In the early morning hours of February 4, 2009, some 10 police officers dragged Gao Zhisheng from his family home in Shaanxi province and quickly disappeared into the darkness. The police gave no reason for the abduction of the prominent human rights activist, and Gao has not been seen or heard from since that day.
In September the police told his brother that Gao had gone missing while on a walk. On January 20 this year, a Western journalist quoted an unidentified security officer as saying Gao was alive and in custody. The following day, Ma Zhaoxu , a spokesman for the Ministry of Foreign Affairs, smugly said that judicial authorities had decided Gao's case and that he was 'where he should be'. On February 2, Ma changed his story. 'Honestly speaking, I don't know where he is. China has 1.3 billion people and I can't know all of their whereabouts.'
Then, on February 14, the Chinese embassy in Washington told a human rights group that Gao was 'working' in Urumqi , and had been in touch with his wife, Geng He - a claim she has denied. 'For a very long time I have not heard from him, and I do not know where he is now,' she said in a statement released by the New York-based group Human Rights in China.

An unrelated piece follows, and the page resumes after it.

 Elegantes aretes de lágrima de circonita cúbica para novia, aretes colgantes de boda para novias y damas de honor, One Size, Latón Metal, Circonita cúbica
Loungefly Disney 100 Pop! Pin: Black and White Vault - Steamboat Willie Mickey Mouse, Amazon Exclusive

A blogger even posted photos of someone alleged to be Gao, which some believed might have been altered, and wrote that he was working in a company in Urumqi. The report contained many factual errors.

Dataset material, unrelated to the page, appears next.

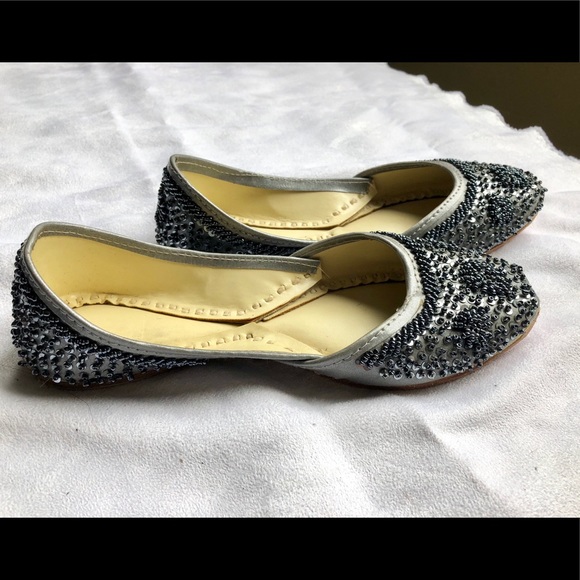 New-Hand beaded , leather Moroccan flats sz 7 - Picture 2 of 8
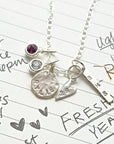 Personalized Sterling Silver Charm Class Necklace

This flurry of vague statements would be amusing were it not for the fact that the government's unwillingness to give a concrete answer may well mean that Gao, who was brutally tortured in 2007, may have been subjected to such severe psychological or physical abuse that he can't be shown in public. Some fear even worse.

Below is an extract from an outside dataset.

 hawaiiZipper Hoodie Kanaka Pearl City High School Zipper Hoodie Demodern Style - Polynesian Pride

A Western human rights scholar, who has been following the case closely, says that while there's no evidence, it's possible that Gao has been hurt so badly that they 'can't display him because it's too visible what they did to him'.
Jerome Cohen, co-director of New York University's US-Asia Law Institute, and a leading expert on the Chinese legal system, speculates that if this is the case, that the government may be 'playing for recovery time'.